Most ebikes are produced entirely overseas, and supply chain issues have really impacted meeting demand across the world.

furthermore, from a carbon footprint standpoint, it’d be better if that credit could be used for eBike kits as well. It’d keep less old bikes out of the landfill.

Where I’m specifically interested is in USA based custom frame builders. Granted there are many out there who have no interest in building an eBike, but there are plenty who might. Will their products be eligible for these tax credits?


----------



## Jack7782 (Jan 1, 2009)

PHeller said:


> It’s looking like this $900 tax credit for ebikes under $4000 is going to be a huge boom for the industry, but I can’t help but wonder about how little this might help our domestic manufacturing.
> 
> Most ebikes are produced entirely overseas, and supply chain issues have really impacted meeting demand across the world.
> 
> ...


I think the goal is to reduce the use of cars, not enthusiast bikes, especially MTBs that are for leisure activities. Think how festive this year's Christmas party will be at Aventon in SoCal and Rad in Seattle


----------



## PHeller (Dec 28, 2012)

Plenty of custom builders can make city bikes and utility bikes.

It's a shame that Aventon and Rad will be celebrating while sending the vast majority of their proceeds overseas, and then undoubtedly waiting for months for their products to arrive on carbon intensive container ships.

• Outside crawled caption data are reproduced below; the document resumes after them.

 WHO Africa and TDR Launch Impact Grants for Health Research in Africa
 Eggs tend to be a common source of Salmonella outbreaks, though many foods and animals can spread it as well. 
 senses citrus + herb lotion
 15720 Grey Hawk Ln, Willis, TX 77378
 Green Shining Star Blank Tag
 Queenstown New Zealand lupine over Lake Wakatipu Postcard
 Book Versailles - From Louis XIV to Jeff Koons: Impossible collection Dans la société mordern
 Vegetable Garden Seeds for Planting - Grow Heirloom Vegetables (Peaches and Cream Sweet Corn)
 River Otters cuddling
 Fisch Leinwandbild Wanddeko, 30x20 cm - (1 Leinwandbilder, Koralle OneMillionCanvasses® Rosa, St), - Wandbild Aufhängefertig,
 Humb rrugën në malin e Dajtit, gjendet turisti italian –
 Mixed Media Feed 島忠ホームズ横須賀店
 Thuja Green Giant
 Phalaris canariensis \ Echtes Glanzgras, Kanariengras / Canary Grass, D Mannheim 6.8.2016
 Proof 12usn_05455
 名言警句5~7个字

I hope they pay their warehouse and customer service people good wages to live in the high COL areas for which they are located.

Very often, these types of "consumer incentive" tax credits end up growing just a few businesses substantially, making the owners of those businesses wealthy, but doing no real improvements for the larger economy.

EDIT/UPDATE: Just found a news article saying that Rad bikes is actually investing $145 million into "North American Production" - but didn't say what that production would be. It could be assembly, logistics, etc. I hope they are producing frames, but I won't hold my breath.


----------